「水の上を歩く」マタイ14:22-33 |
この状況は、復活以後の教会の情況と似ている。弟子たちは逆風のため波に「悩まされていた」わけだが、この「悩む」という言葉には「拷問を受ける」という意味がある。初代教会のキリスト者たちは迫害を経験する中で、「拷問を受ける」という嵐の中で悩まされていたのだ。そしてその深い悩み、痛みの中でその舟にイエス様が一緒にいないことが彼らを不安にさせ、悩ませた問題だったに違いない。「もう助けは来ない。救いはない」。そんな恐れ、不安、深い絶望から来る孤独が逆風と荒波に翻弄されていた弟子たちの心を支配していた。
しかし、主イエスは「夜が明けるころ、イエスは湖の上を歩いて弟子たちのところへ行かれた」(25節)。昨年起こったチリの落盤事故の救出が完了するにはしばらくの時間を要した。しかし、救出作戦は事故後「すぐに」(27、31節)開始されていた。深い地底からの救出に時間が要するように、荒れ狂う湖、荒れ狂う逆風の試練の中からの救いは、時として時間を必要とする。それは忍耐という形で私たちに求められることなのだ。私たちが忘れてならないのは、私たちが悩みの中にある時に、すでに主イエスの救いの歩みは始まっているということだ!
そしてイエス様は苦悩する弟子たちに近づき「安心しなさい。わたしだ(エゴ・エイミー)。恐れることはない」と声をかけられる。「エゴ・エイミー」は「わたしがいる」とも訳せる。つまり「わたしだ」というのは、「わたしはあなたと共にいる」、インマヌエル!の宣言なのである。逆風の中で舟を漕ぎ悩む弟子たちに「安心しなさい。わたしはあなたたちと共にいる。だから恐れるな!」そう語りかけられているのだ。
主イエスは逆風と、高い波に悩む弟子たちの所へ湖の上を歩いてこられた。八方塞の弟子たちの状況に思えるような中にあっても、私たちには想像することもできない「道」、荒れ狂う水の上を通ってきてくださるがおられる。
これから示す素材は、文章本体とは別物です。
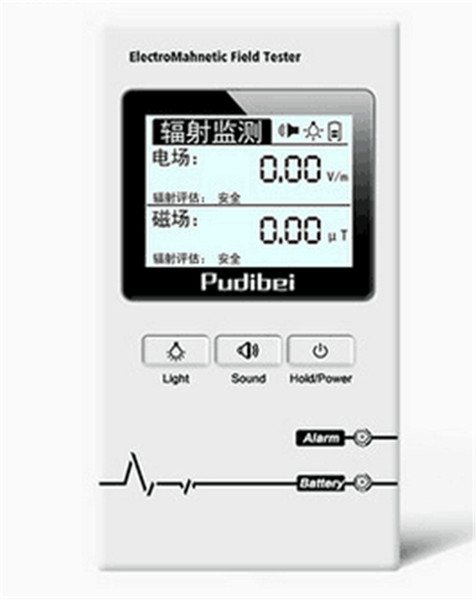 Electromagnetic radiation detector home computer switchsocket and other electromagnetic wave radiation monitor tester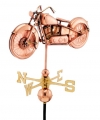 Motorcycle Copper Weathervane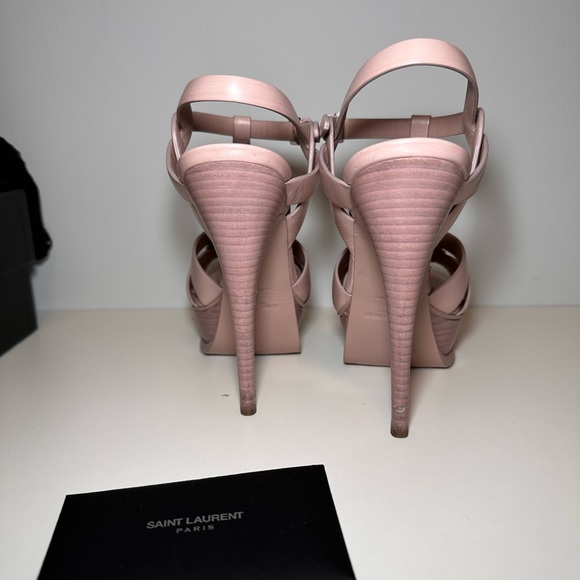 YSL Tribute Platform Sandals - Picture 4 of 5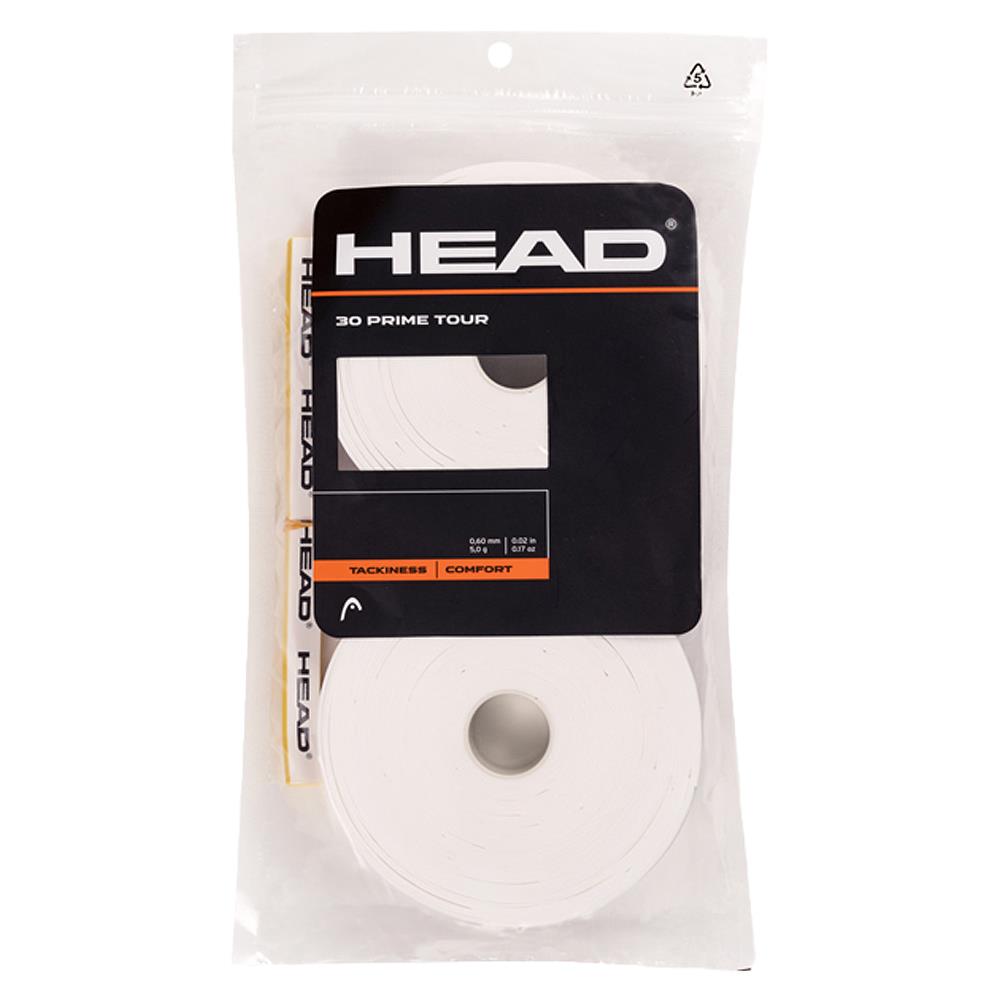 Head Prime Tour Overgrip - 30 Pack - White、mySite、neckold
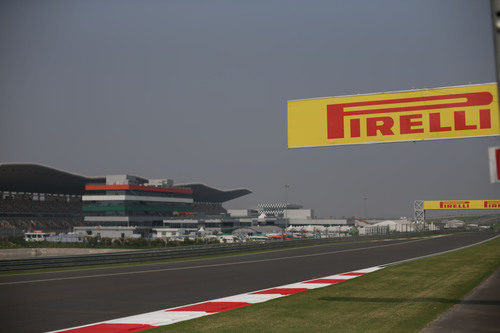 El Buddh International Circuit, despejado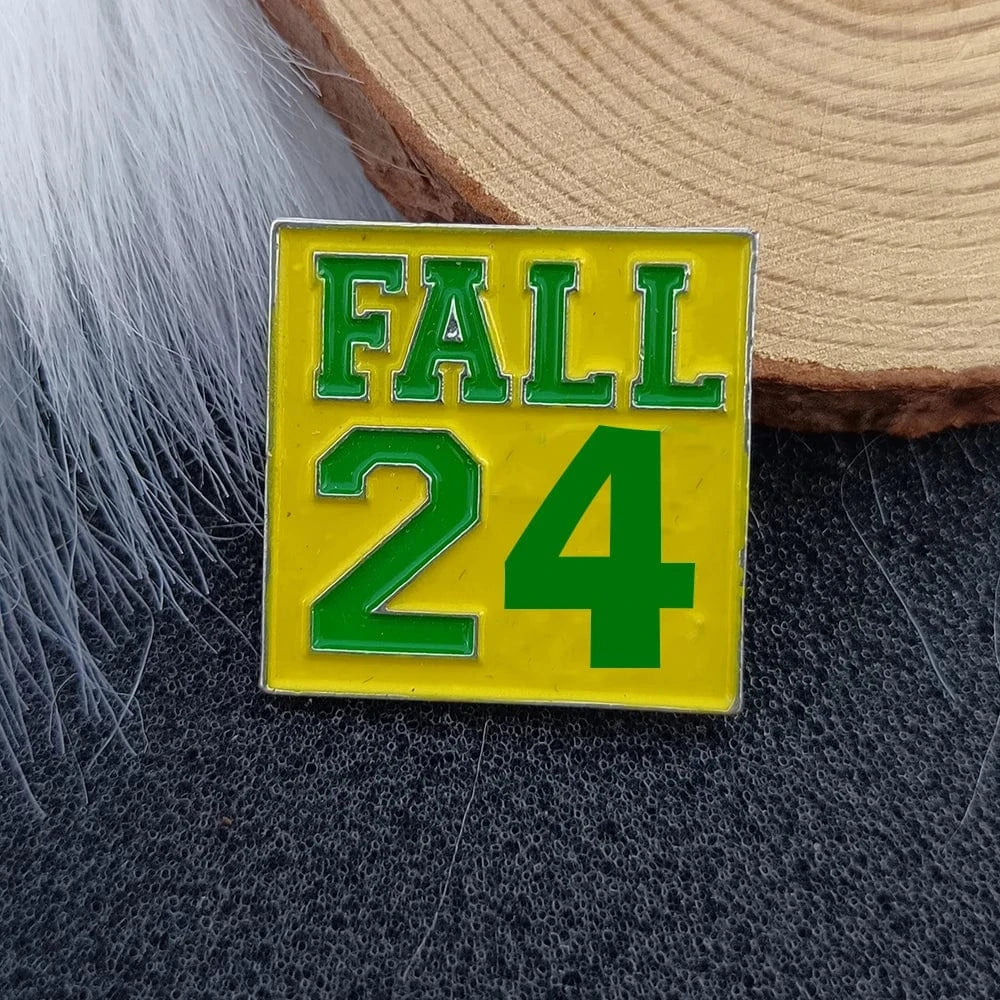 Greek Sorority Delta Aka Green And Pink Spring 25 Brooch Pin Zeta Square Red And White FALL 24 Lapel Pin Jewellery Brooches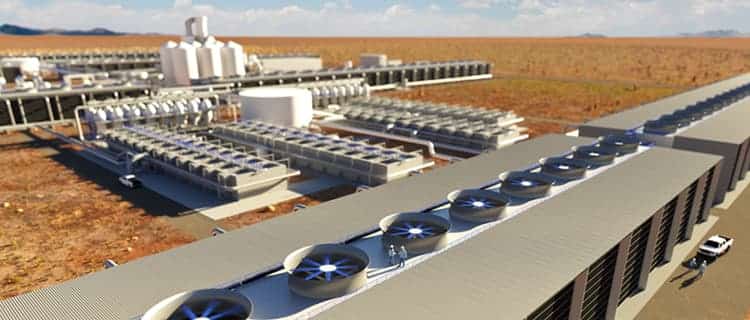 Direct-air-capture plant.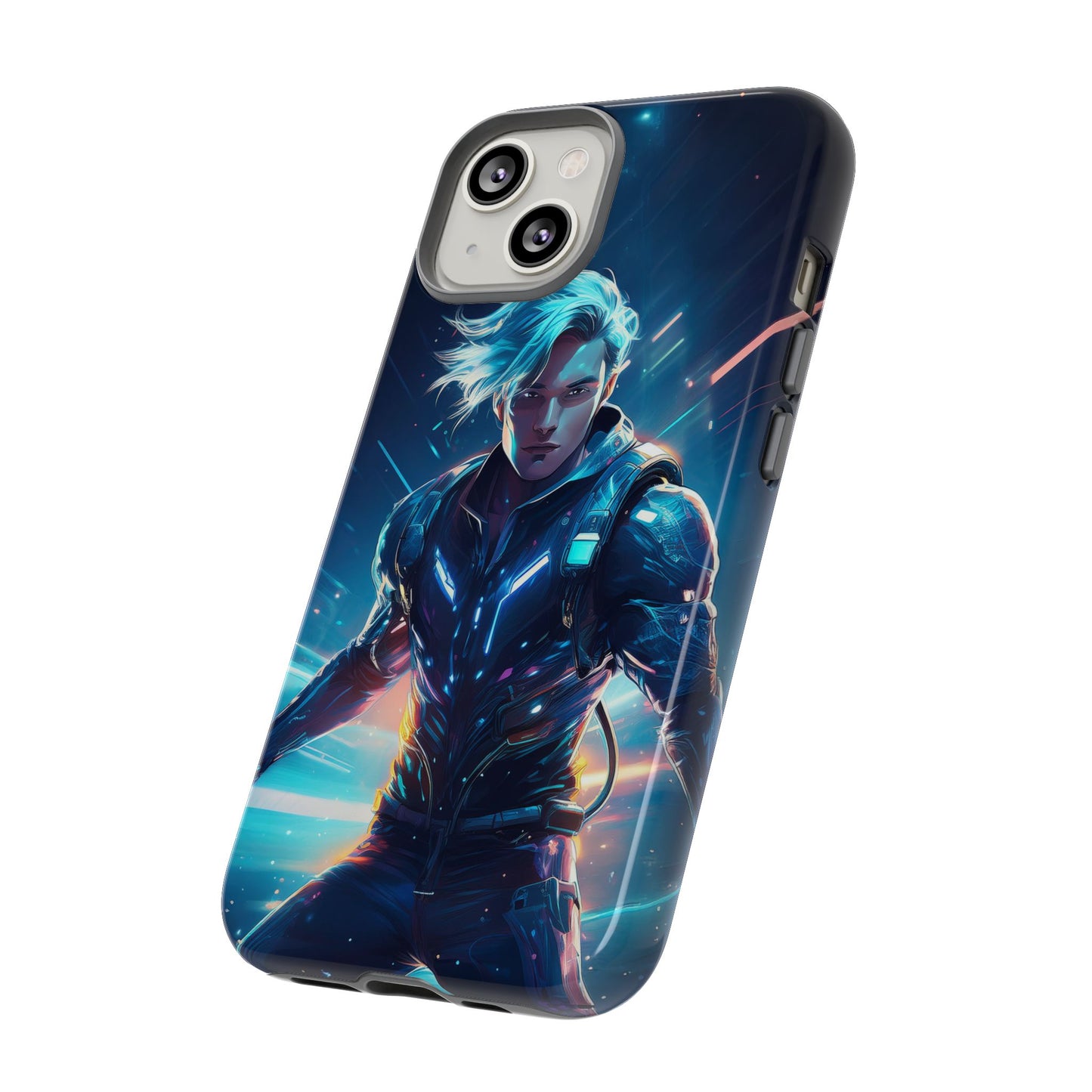 Futuristic Cyberpunk Male Cell Phone Case 024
主イエスに従う者たち(教会は)、このことをしっかりと知らなければならない。そして、そのお方を希望の主としてこの行き詰った時代の中で、混沌とした時代の中で力強く証する務めが委ねられていることを私たちは自覚する必要がある。
私たちの信仰は、水の上を歩き、そしておぼれかけたペトロと同じ。信仰と疑いの両方を持ち合わせている。しかしペトロは「主よ、助けてください」と叫んだ。イエス様はすぐに手を伸ばしてペトロを捕まえてくださった。疑い、迷う者を主は捕らえ、そしてもう一度信仰へと私たちを招いて下さる。新しい年が始まっている。この年も決して順調な時だけとは限らないだろう。予期せぬ出来事、逆風、荒波を経験するかもしれない。しかし、水の上を歩き私たちに近づき、そして捕まえてくださるお方がいる。そのお方を覚えよ!